_Work required_
From top to bottom, write out the listing exactly and skip every picture.

_Provided material_
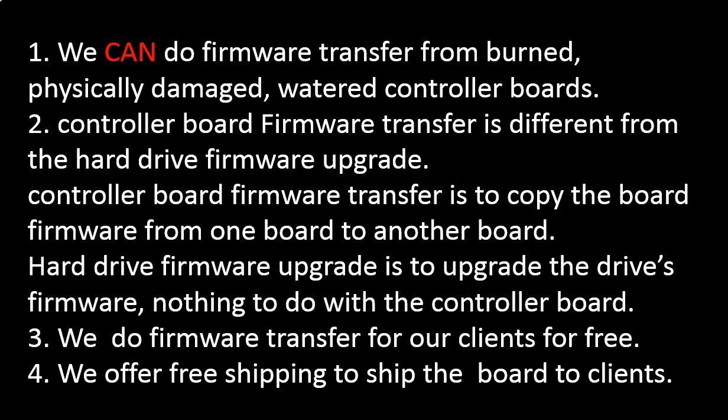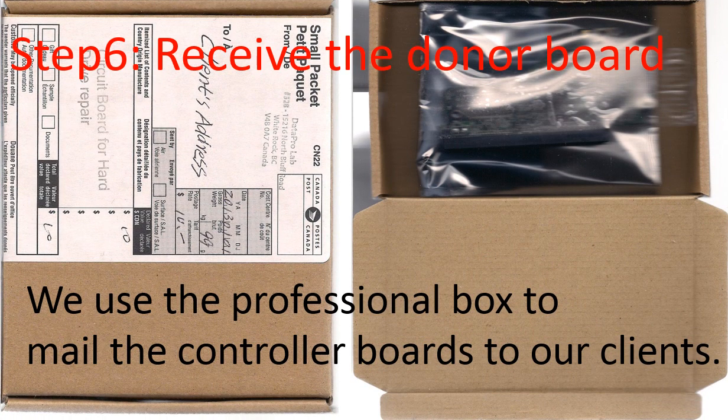Controller board firmware transfer is different from a hard drive firmware upgrade. Firmware transfer copies the controller board firmware from one controller board to another. A hard drive firmware upgrade upgrades the hard drive's firmware — it has nothing to do with the controller board. We perform controller board firmware transfer for our clients for free, and we offer free shipping to send the donor controller board back to our clients. After we finish the firmware transfer, we use a professional box to mail the PCB board back.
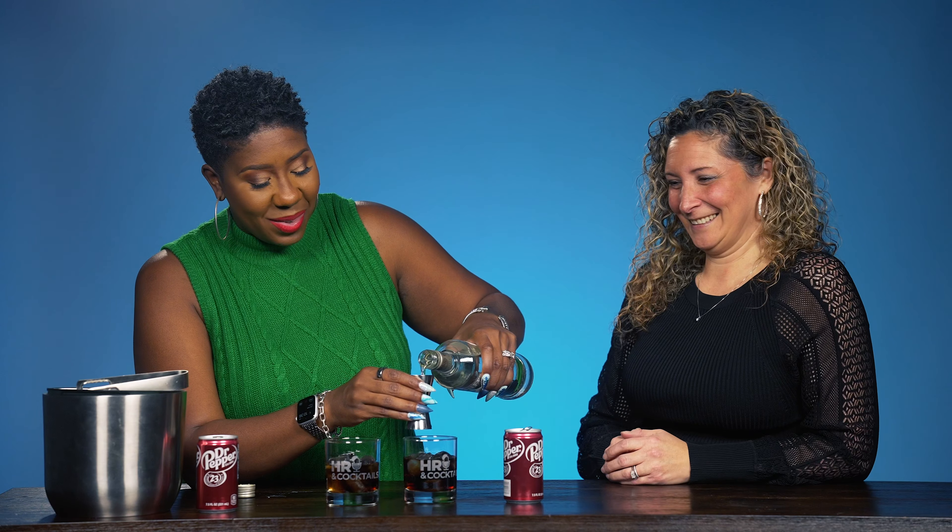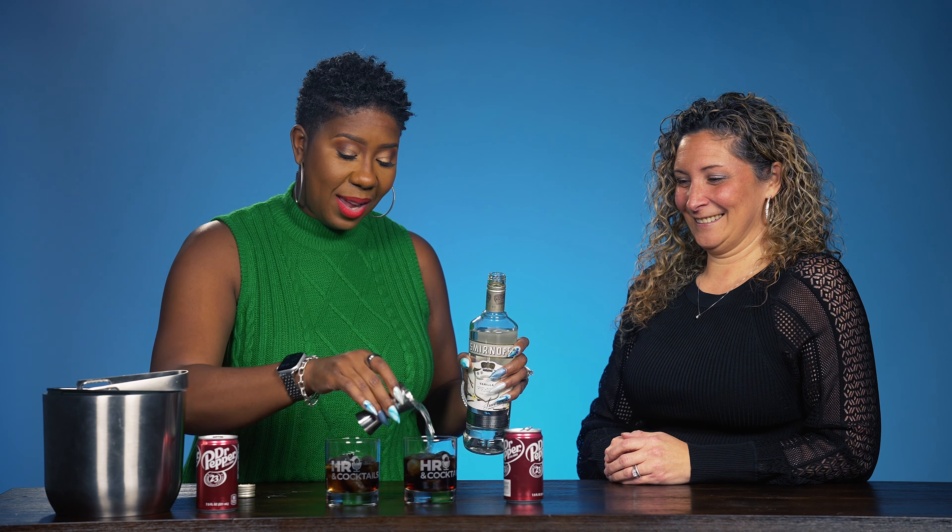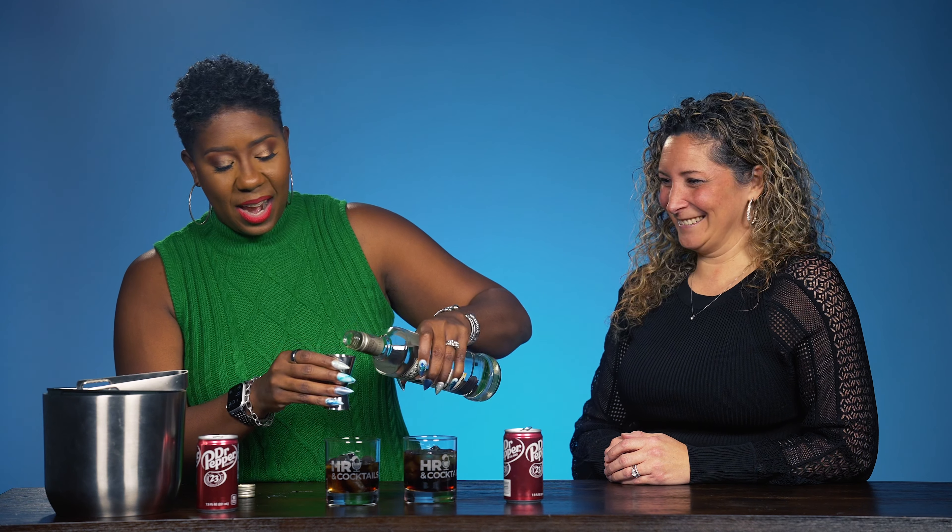We've already put ice in our glasses, so we're just gonna pour a little bit of Dr Pepper on each one. If you want to pour, you can pour. The thing with soda is it bubbles, so you have to make sure you don't overfill. I love mini cans because you don't have to waste — I feel so wasteful with full size cans. This is perfect. All right, are we good? I think so.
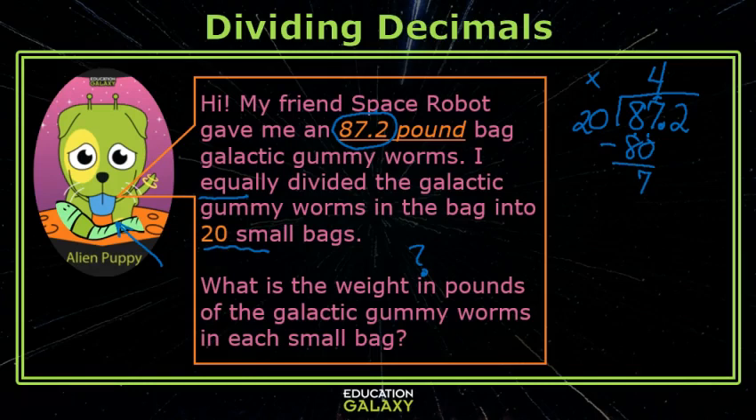I bring the decimal straight up — I didn't forget about it. Bring down my next digit and keep on going. 2 times 3 is 6, so this will be 3. 3 times 20 is 60.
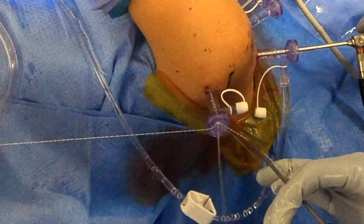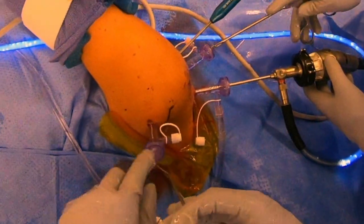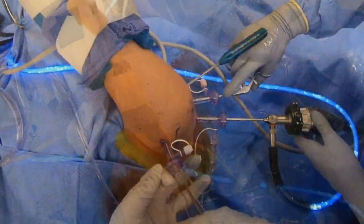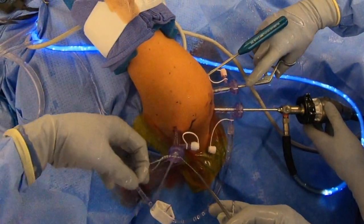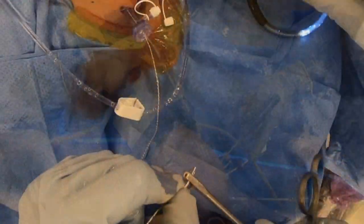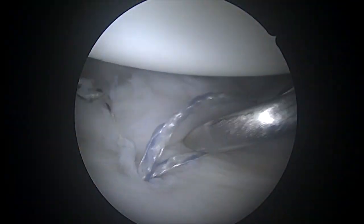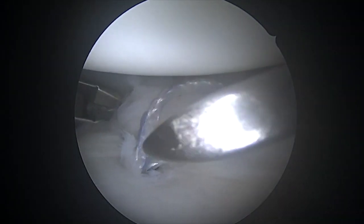This is the tying portion of the procedure. There's a special way of tying the knots outside using this knot pusher, which pushes the knots down inside the shoulder. Once all those are tied, I tie a total of seven knots to be absolutely certain it's not going anywhere. We use this cutter to cut the knot, and then we're able to grasp the other suture and move on to the next one.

_Exercise solution_
Controller board firmware transfer is different from a hard drive firmware upgrade. Firmware transfer copies the controller board firmware from one controller board to another. A hard drive firmware upgrade upgrades the hard drive's firmware — it has nothing to do with the controller board. We perform controller board firmware transfer for our clients for free, and we offer free shipping to send the donor controller board back to our clients. After we finish the firmware transfer, we use a professional box to mail the PCB board back.
We've already put ice in our glasses, so we're just gonna pour a little bit of Dr Pepper on each one. If you want to pour, you can pour. The thing with soda is it bubbles, so you have to make sure you don't overfill. I love mini cans because you don't have to waste — I feel so wasteful with full size cans. This is perfect. All right, are we good? I think so.
I bring the decimal straight up — I didn't forget about it. Bring down my next digit and keep on going. 2 times 3 is 6, so this will be 3. 3 times 20 is 60.
This is the tying portion of the procedure. There's a special way of tying the knots outside using this knot pusher, which pushes the knots down inside the shoulder. Once all those are tied, I tie a total of seven knots to be absolutely certain it's not going anywhere. We use this cutter to cut the knot, and then we're able to grasp the other suture and move on to the next one.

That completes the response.